I realized today that maybe I am not as in control as I may believe. I am a mother, was a wife, am a writer, an entrepreneur, I am a fighter. But , how many of the roles did I truly choose? Initially, I thought my life as "Lioness" was one that I took on my own, that I had chosen as I matured in my life. But, as I sit here in reflection, I determine that "Lioness" and the path of the Lioness chose me. I have not had a charmed life and that in itself does not make me unique. What does make me unique is that I have not allowed hard times and oppression to warp me into a bitter person with total disdain for life. I am quite the contrary. I find the silver lining in every cloud and I love people to a fault, even after having experienced so much loss and heartbreak in my own life. I now am almost obsessed with fighting against injustices in life, sometimes to a fault. But, it is always about balance. I have to take care of me as well. But the fight is never-ending, I just need to be here to fight another day.
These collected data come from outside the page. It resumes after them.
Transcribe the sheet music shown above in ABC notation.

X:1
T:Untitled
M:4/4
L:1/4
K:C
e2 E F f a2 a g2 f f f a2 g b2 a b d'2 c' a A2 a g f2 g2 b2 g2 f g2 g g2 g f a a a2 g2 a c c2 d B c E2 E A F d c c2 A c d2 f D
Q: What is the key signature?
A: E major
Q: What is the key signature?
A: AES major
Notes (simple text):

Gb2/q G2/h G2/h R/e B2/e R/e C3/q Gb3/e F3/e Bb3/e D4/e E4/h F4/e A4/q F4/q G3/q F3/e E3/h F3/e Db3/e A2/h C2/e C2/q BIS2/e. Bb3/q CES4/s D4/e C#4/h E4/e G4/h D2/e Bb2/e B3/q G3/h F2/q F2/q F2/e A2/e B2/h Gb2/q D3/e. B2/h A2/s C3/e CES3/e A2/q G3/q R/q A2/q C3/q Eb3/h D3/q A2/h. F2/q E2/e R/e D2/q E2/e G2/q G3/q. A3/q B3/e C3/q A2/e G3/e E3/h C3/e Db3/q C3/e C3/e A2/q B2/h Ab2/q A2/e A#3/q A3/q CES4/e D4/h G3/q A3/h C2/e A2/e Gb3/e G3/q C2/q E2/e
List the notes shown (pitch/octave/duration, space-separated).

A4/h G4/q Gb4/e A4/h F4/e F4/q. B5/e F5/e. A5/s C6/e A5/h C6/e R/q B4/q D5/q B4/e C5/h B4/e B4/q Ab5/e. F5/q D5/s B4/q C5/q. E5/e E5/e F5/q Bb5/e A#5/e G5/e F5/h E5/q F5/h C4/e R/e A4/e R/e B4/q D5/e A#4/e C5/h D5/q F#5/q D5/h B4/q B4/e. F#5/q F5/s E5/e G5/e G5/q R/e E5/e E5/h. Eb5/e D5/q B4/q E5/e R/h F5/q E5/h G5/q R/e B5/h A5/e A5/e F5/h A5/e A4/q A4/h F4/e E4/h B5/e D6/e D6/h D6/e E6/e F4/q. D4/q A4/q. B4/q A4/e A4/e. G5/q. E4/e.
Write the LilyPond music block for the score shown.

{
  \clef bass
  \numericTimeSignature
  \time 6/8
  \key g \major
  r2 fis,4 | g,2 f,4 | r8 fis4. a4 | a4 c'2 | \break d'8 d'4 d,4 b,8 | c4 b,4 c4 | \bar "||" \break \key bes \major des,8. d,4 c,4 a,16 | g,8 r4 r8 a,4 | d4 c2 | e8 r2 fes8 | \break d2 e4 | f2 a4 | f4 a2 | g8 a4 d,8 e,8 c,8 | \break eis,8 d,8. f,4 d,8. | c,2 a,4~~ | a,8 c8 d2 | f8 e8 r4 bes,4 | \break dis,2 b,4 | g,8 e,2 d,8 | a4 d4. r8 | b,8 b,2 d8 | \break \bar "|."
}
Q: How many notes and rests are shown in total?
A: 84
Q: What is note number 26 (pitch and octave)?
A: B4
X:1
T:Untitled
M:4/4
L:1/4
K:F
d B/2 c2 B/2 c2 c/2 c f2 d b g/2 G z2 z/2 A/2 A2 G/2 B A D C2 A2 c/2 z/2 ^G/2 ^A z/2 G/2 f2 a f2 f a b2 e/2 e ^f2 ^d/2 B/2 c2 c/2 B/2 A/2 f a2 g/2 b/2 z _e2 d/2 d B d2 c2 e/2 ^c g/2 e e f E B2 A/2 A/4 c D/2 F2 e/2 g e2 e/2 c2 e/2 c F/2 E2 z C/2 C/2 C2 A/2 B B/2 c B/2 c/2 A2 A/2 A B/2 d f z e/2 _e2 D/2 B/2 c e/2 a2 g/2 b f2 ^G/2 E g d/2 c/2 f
In reflecting on my present life, I also realized that the Universe has brought certain people into my life, fighters like myself, who are my support system. They are awesome people and I am blessed beyond measure to be able to be connected with them. We are all focused on changing the lives of generations to come, one small battle at a time.
And that is why I know I was chosen for this place and position in life. Hardly any of these people are close to me in proximity and many I have never physically met, yet we are close as family could be and fiercely protective of one another. They need me and I need them--bottom line. I am "The Tru Lioness" and they respect the warrior in me. And I must live up to who she is.